Is there anyway I can do that?

Hope it's clear and thanks a lot for your help.

Simone

[Rodrigo Campos]

Can you ping the IP? There might not be any route to that subnet? Have you tried/checked that?

And as far as I know, there is no way. Im not 100% sure what problem you are trying to solve, exactly, though. You can have a service type external, configure kube dns stub domains, but having **the same stub domains** resolve to different NS servers according to the kubernetes namespace the query is executed doesn't seem supported.

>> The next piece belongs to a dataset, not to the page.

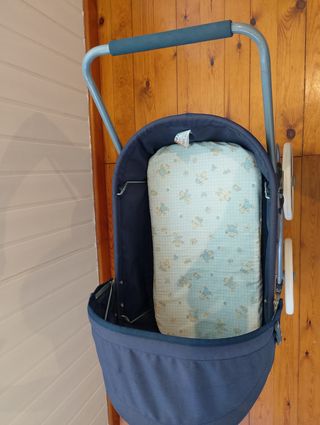 Carrito bebé juguete vintage azul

Not sure it's something useful besides your setup, either :-/

You can probably patch kubedns or something, but not sure it's worth the effort.

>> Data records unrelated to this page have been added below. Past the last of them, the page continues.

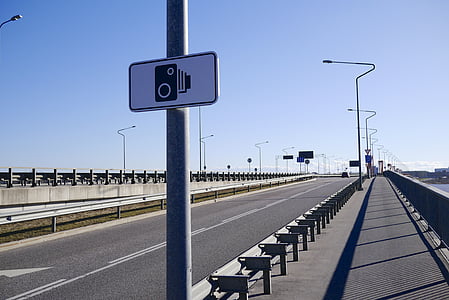 bridge, street lamp, speed camera, road sign, roadsign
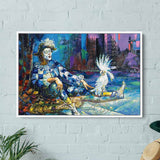 Blue Harlequin and White Parrot Wall Art Canvas 1607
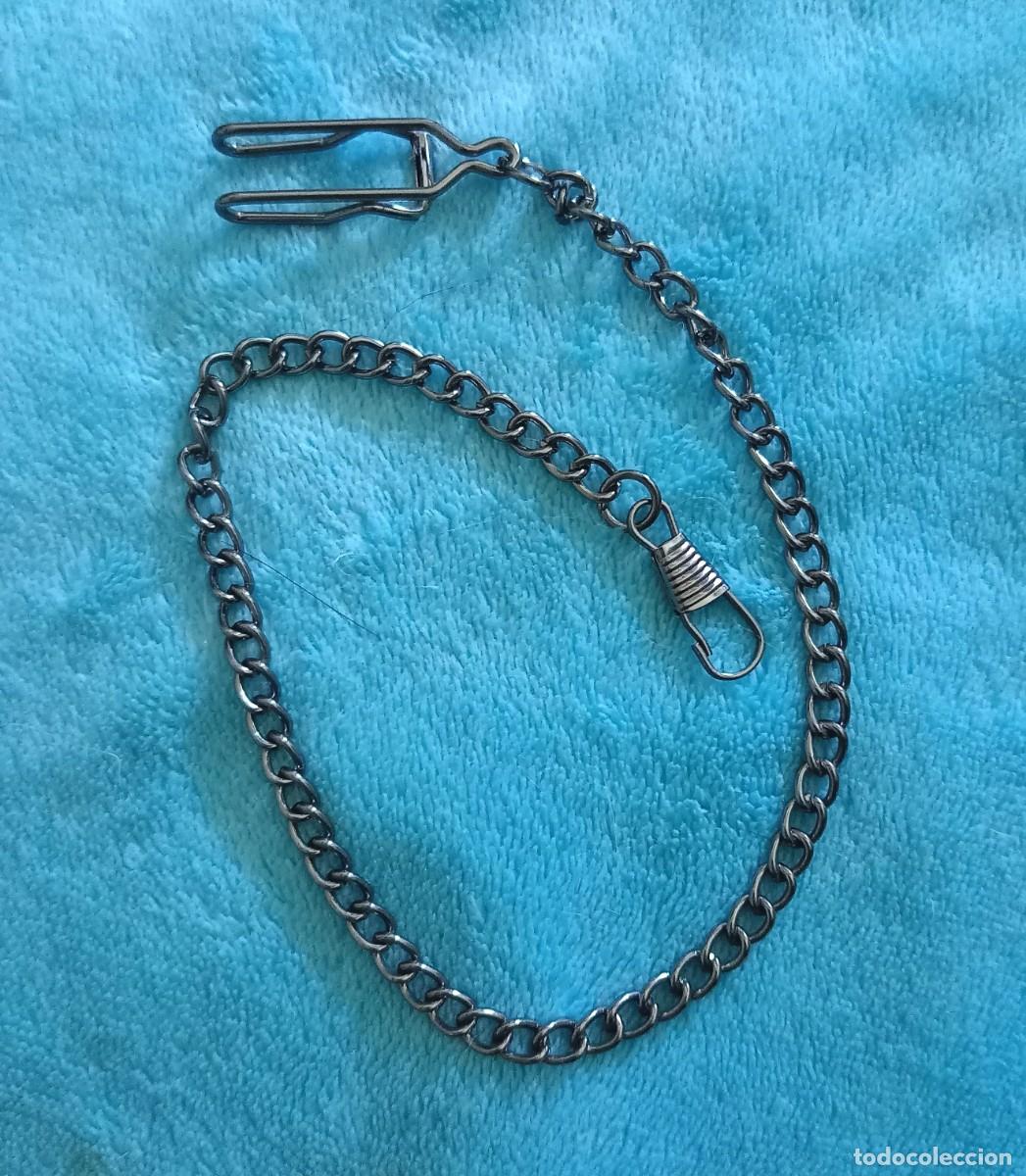 Relojes de bolsillo: Original leontina, cadena de reloj de bolsillo negro pistola met&aacute;lico de eslabones 37cm L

On Wednesday, September 27, 2017, Simone D'Andreta <simone....@gmail.com> wrote:

Ah yeah that's a typo.. it's setup as consul.service.domain.io but I don't know why I cannot ping it - are the service and the endpoint properly declared?

[Simone D'Andreta]

I can't try today unfortunately but that's definitely the issue, I will have to test it to an environment where I can reach the consul subnets.

As per what I am trying to achieve (and that's perfectly fine if we cannot find a viable solution, it is a proof of concept after all) I need a way to have different nameservers per namespace or pod. It was suggested before that I could do it via volumeMounts, by creating a new resolv.conf and copying it over the resolv.conf of the pod. I tried but I couldn't get it working, but I believe I am doing something wrong when mounting.. do you have any example I can use and adapt to my needs?

Thanks

Simone

[Rodrigo Campos]

Not sure that will work, try step by step.

Start creating the file in some dir in /etc/ and then try to just have the file in /etc/ (probably with subpath or something like that), and then ten try to use it mount it as /etc/resolv.conf

Any example of mounting the configmap as a volume will do the first step. I'd start like that.

Another hack you can try, if this is only for a POC and not will be used in the final solution, is using postStart hook that just overrides/appends to /etc/resolv.conf.

This las option might be more hackish but easier to just try.

[Simone D'Andreta]

Thanks a lot, I will try with the postStart first and then I will retry with the volumeMount. One question on the postStart though. The doc says that there is no guarantee the hook will execute before the entrypoint. Does it mean that if I have i.e. a nodejs app which has an entrypoint 'npm start' defined in the Dockerfile and the hook will execute at the end, my nodeapp won't start?

Cheers

Simone

[Rodrigo Campos]

Why wouldn't the node app start? I don't follow.

And if the node up doesn't start, Kubernetes will restart it.

The doc just says it is not guaranteed (like when mounting a volume) that the hook will be executed and finished before starting the container. It may or it may not happen, no guarantees. And this was a docker limitation some time ago, at least.